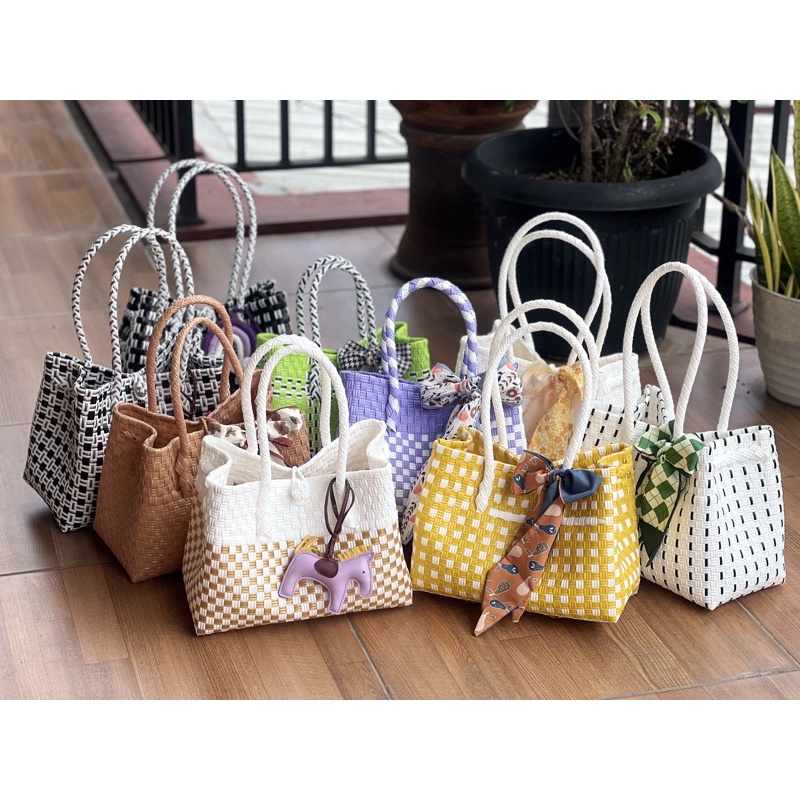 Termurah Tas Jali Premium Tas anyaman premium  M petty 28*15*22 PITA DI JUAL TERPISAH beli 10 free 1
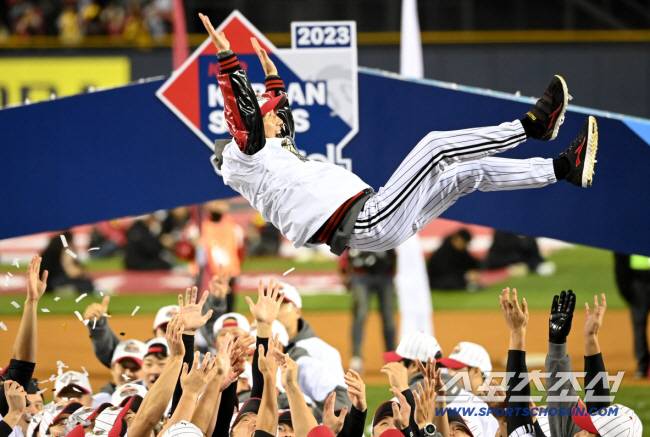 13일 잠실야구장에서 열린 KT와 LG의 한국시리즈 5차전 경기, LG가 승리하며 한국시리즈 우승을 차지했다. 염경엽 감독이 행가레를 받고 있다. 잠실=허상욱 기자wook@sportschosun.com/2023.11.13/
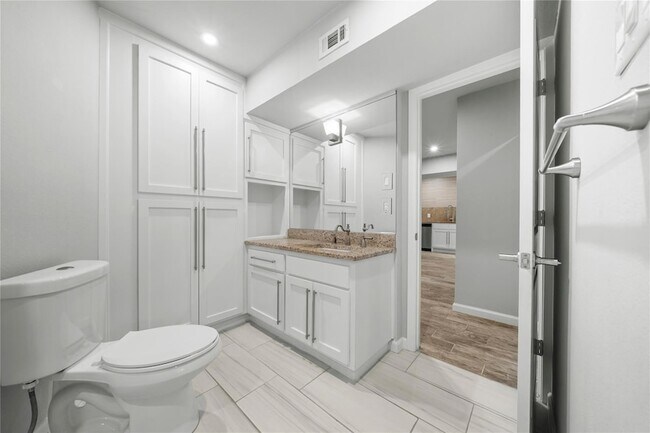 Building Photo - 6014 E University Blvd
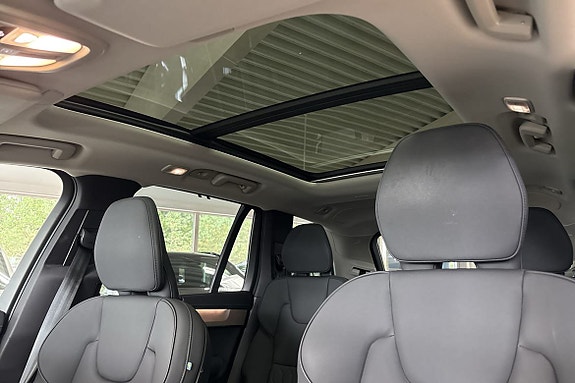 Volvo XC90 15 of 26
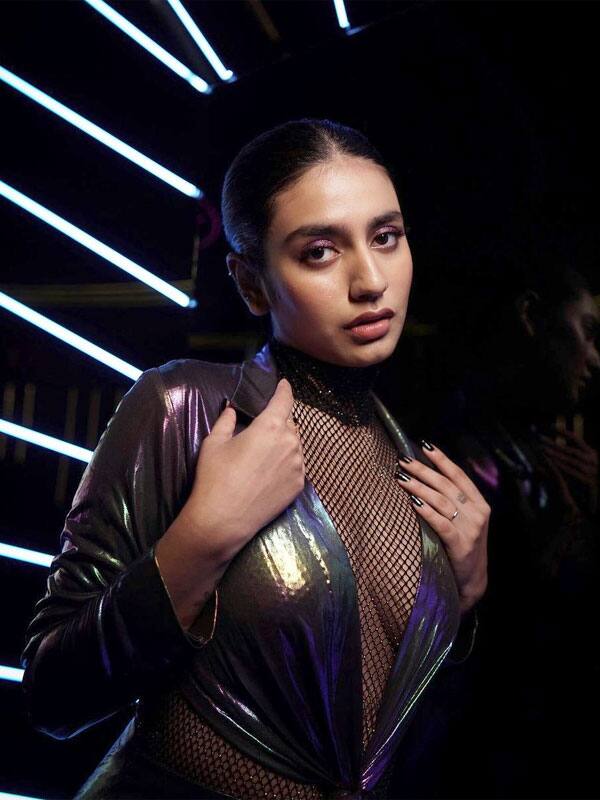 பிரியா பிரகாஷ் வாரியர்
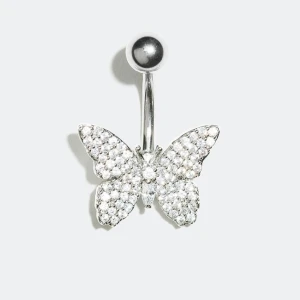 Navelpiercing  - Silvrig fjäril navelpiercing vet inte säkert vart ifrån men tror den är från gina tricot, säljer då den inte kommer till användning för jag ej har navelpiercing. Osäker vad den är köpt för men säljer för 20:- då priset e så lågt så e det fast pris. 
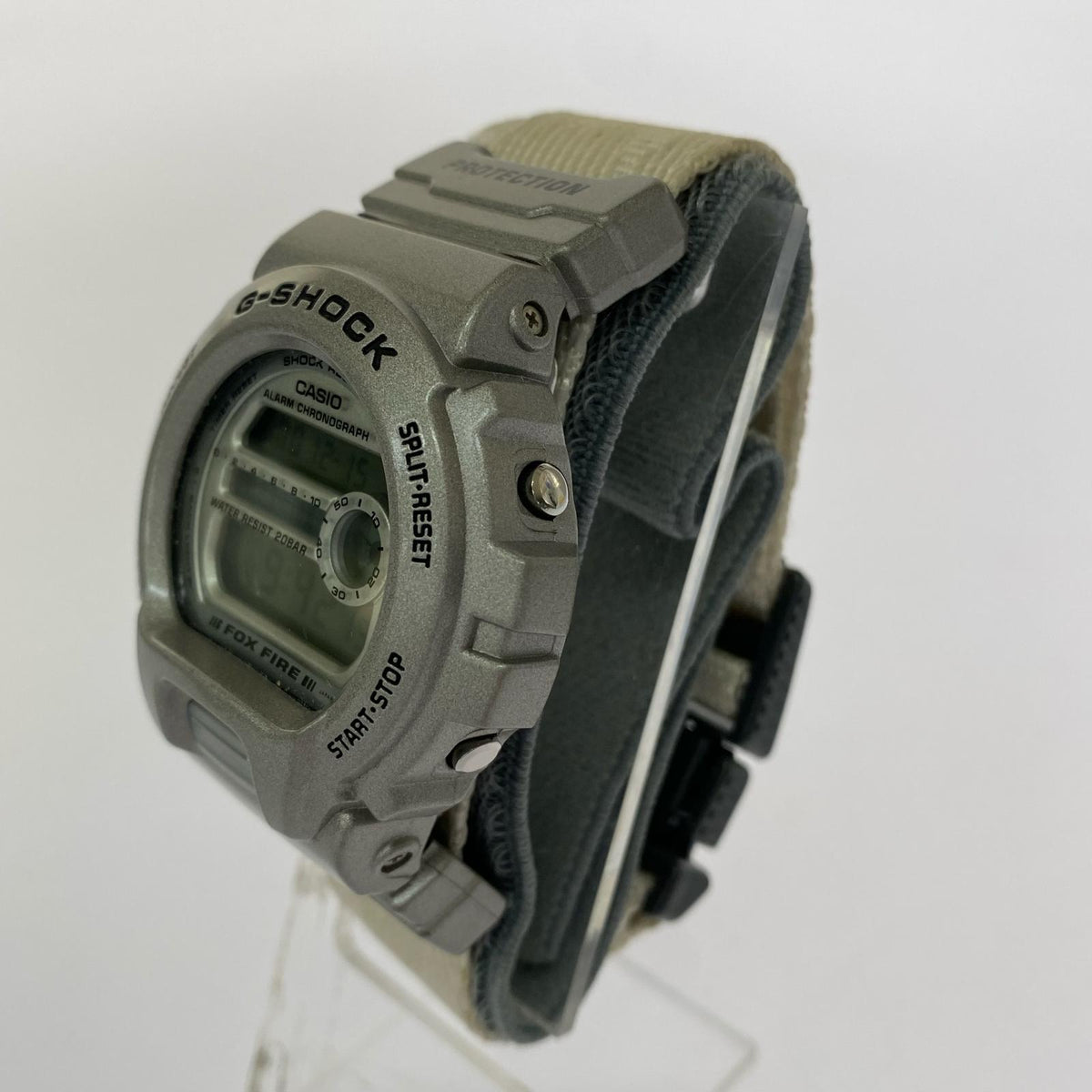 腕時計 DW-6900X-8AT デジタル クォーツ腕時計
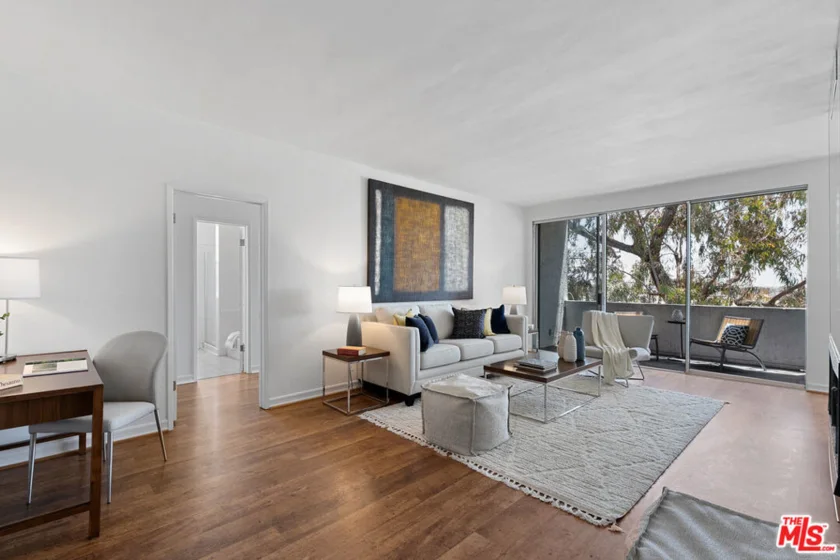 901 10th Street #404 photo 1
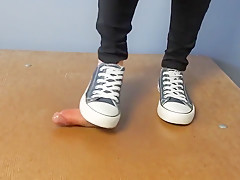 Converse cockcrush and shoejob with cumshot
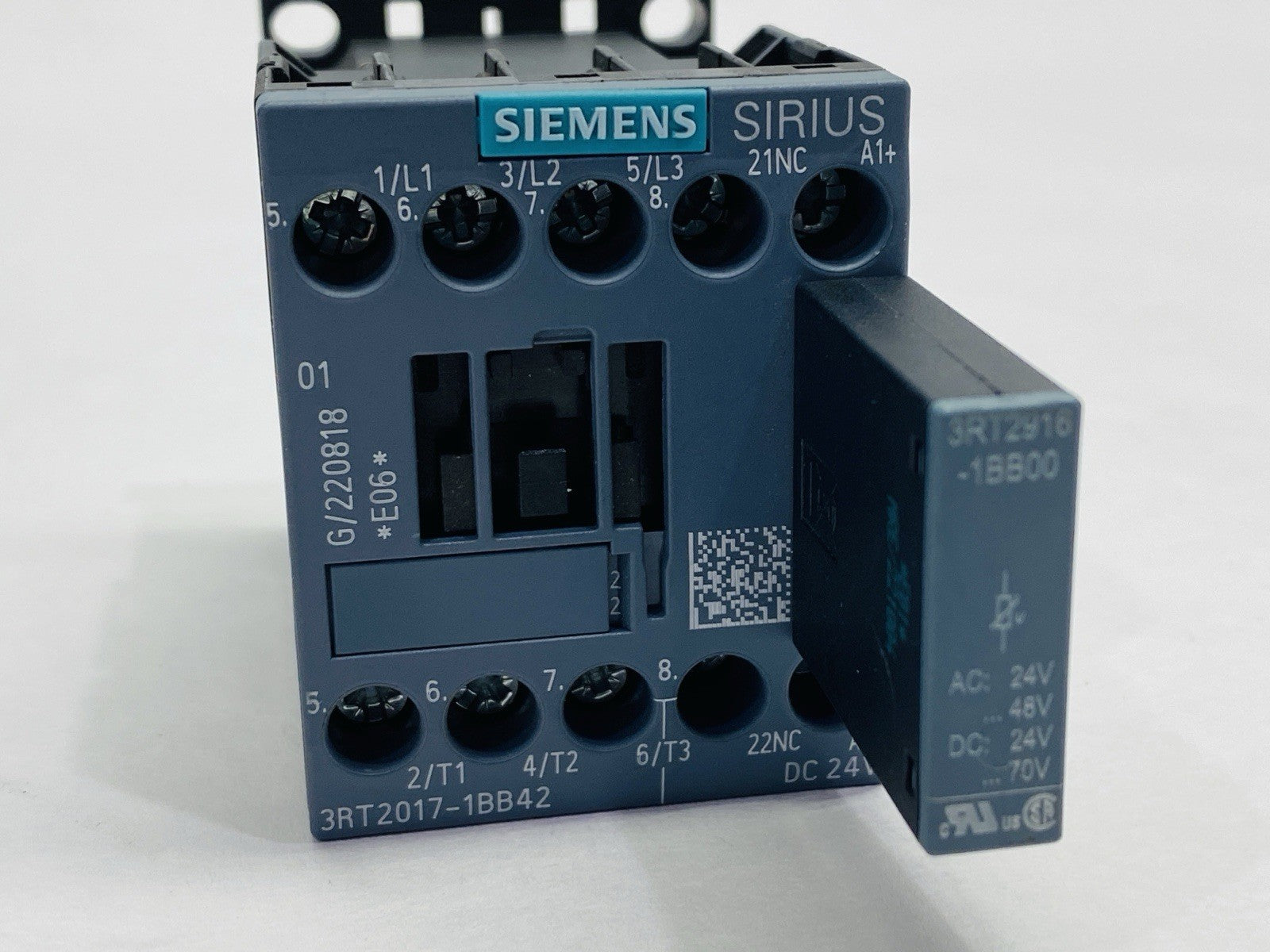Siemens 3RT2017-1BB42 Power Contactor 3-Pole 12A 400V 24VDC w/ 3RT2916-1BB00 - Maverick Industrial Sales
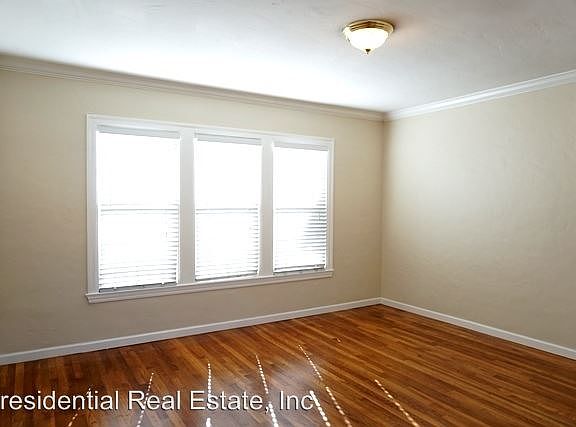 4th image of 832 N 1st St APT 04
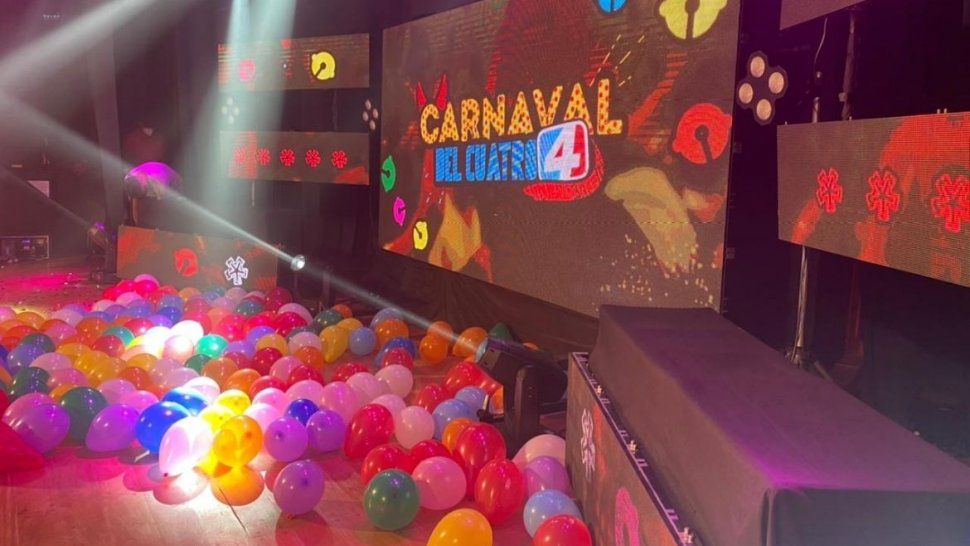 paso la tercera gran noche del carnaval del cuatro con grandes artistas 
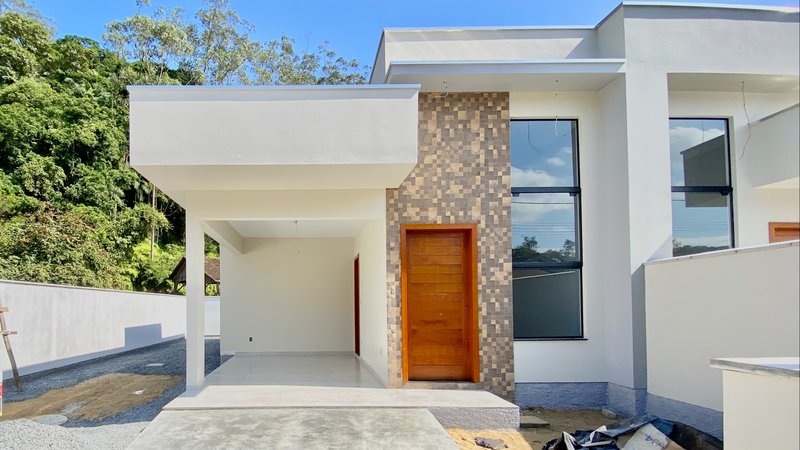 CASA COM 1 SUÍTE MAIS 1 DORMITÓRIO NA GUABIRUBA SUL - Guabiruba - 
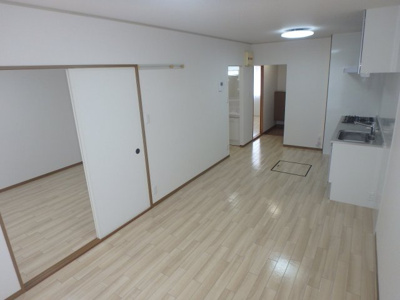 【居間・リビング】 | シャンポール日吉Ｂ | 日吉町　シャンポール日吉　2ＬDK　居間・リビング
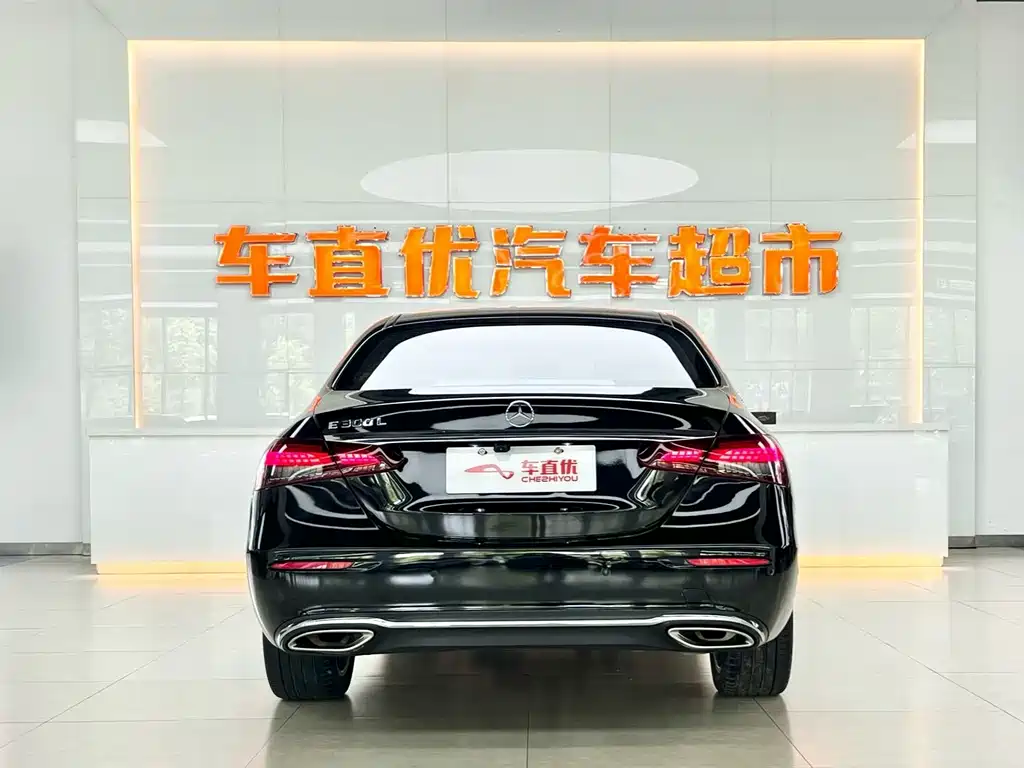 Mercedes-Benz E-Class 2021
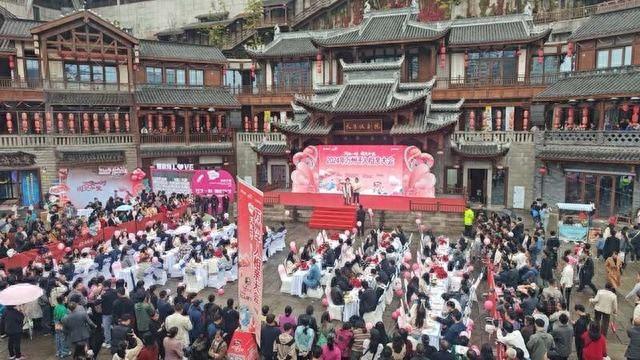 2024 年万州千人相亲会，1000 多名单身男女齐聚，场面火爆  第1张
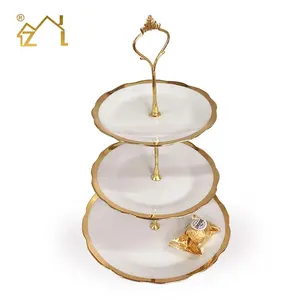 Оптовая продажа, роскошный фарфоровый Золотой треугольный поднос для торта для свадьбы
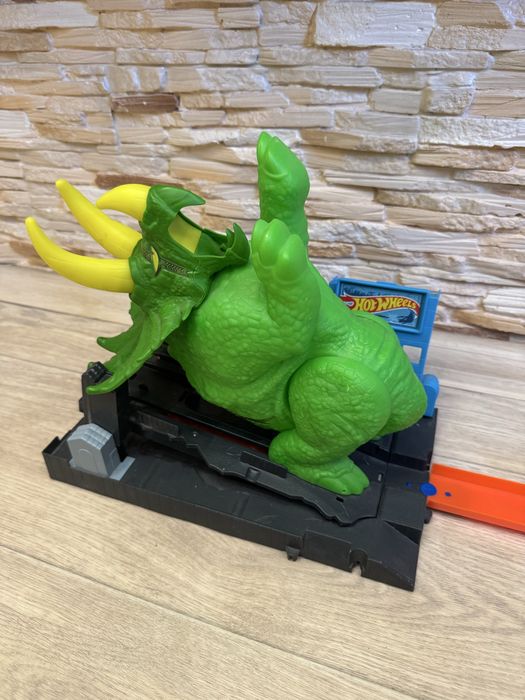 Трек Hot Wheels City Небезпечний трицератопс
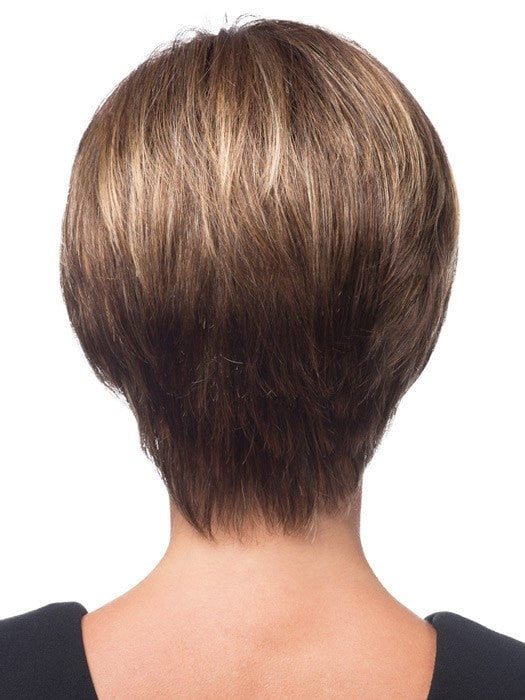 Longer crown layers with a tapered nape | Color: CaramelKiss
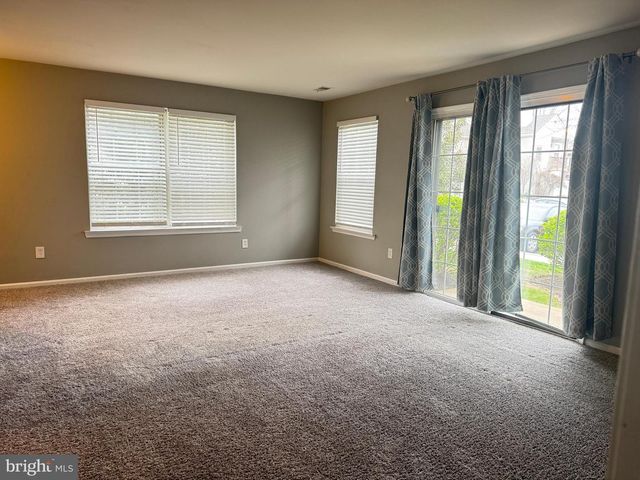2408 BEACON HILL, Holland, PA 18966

WORK ITEM
Every line from the top of the entries through the line that holds "Building Photo - 6014 E University Blvd" is to be quoted exactly, please, and nothing else; omit the pictures.

RESPONSE BELOW
 Termurah Tas Jali Premium Tas anyaman premium  M petty 28*15*22 PITA DI JUAL TERPISAH beli 10 free 1
 13일 잠실야구장에서 열린 KT와 LG의 한국시리즈 5차전 경기, LG가 승리하며 한국시리즈 우승을 차지했다. 염경엽 감독이 행가레를 받고 있다. 잠실=허상욱 기자wook@sportschosun.com/2023.11.13/
 Building Photo - 6014 E University Blvd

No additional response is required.